I have no problem using aminoglycoside-containing topical antibiotic drops in the presence of an intact tympanic membrane. However, a major problem could arise when a patient has a defect in a tympanic membrane--for example, a ventilation tube or a perforation--that might allow these drops to be absorbed into the inner ear via the round window membrane. Under these circumstances, I prefer to use a topical quinolone, which in my practice has been every bit as effective.

If there is no alternative but to use an aminoglycoside, then I do so carefully; I prescribe it for the shortest duration necessary and certainly for no longer than 5 or 7 days without reviewing the patient clinically to see if further treatment is required. Implicit is the fact that patients on topical aminoglycoside drops must be warned about their adverse effects and be instructed to stop the drops immediately if any dizziness, imbalance, hearing loss, or tinnitus occurs during therapy. Our experience with inadvertent topical gentamicin vestibulotoxicity (which is described in detail below) revealed that the earliest toxicity occurred on day 7 of treatment. In our study of intentional gentamicin toxicity in patients with incapacitating unilateral Meniere's disease, the earliest we recognized a deafferentation was approximately day 9. The longer these drops are used, the more likely toxicity will occur.

In general, ototoxic drugs should not be used in a patient whose middle ear is dry. They should be used only in infected ears. One exception might be for a patient with a perforated tympanic membrane who allowed some water into the ears by accident; even then, they should be used for only a short duration.

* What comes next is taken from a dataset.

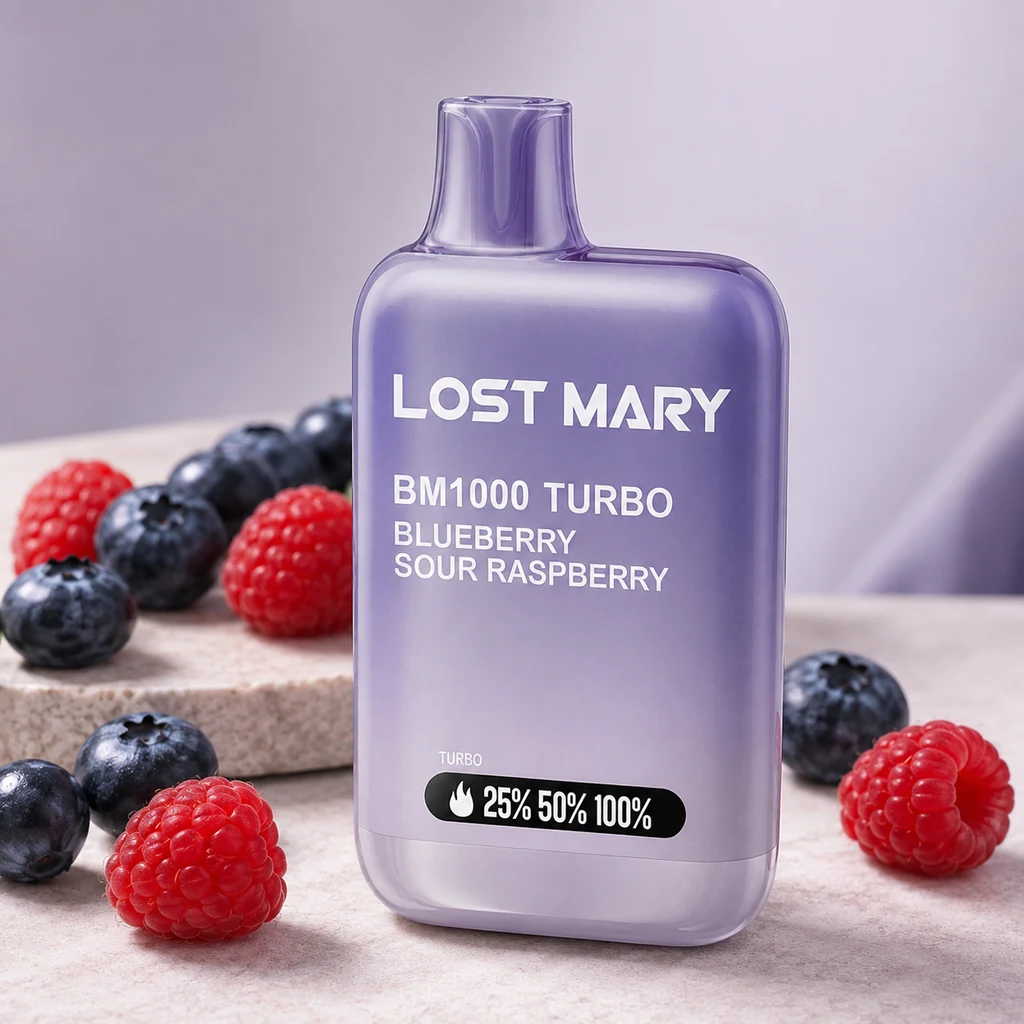 Lost Mary BM1000 Turbo Blueberry Sour Raspberry de color violeta, en posición vertical entre arándanos y frambuesas sobre una superficie clara.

Clinical studies of topical gentamicin ototoxicity

At the University of Toronto, we discovered that the topical aminoglycoside gentamicin was ototoxic to the vestibular portion of the ear back in the 1980s. At that time, we were treating patients who had incapacitating unilateral Meniere's disease with high-concentration intratympanic gentamicin. We would inject approximately 24 mg/ml of gentamicin three times a day for 3 days through a piece of butterfly catheter tubing that had been inserted into the eardrum. This regimen was very successful in controlling vertigo in these patients. We often found, however, that approximately 2 days alter the completion of treatment, patients would suddenly become vertiginous.

Delayed ototoxicity. In an effort to explain this delayed reaction, we surmised that the aminoglycoside would have had to pool in the area around the round window niche before it was absorbed through the round window membrane. It would then travel through the cochlea and eventually into the labyrinth, where it did its damage. Additionally, many of these patients would experience a high-frequency hearing loss, which was not surprising considering the proximity of the basal turn of the cochlea to the round window membrane.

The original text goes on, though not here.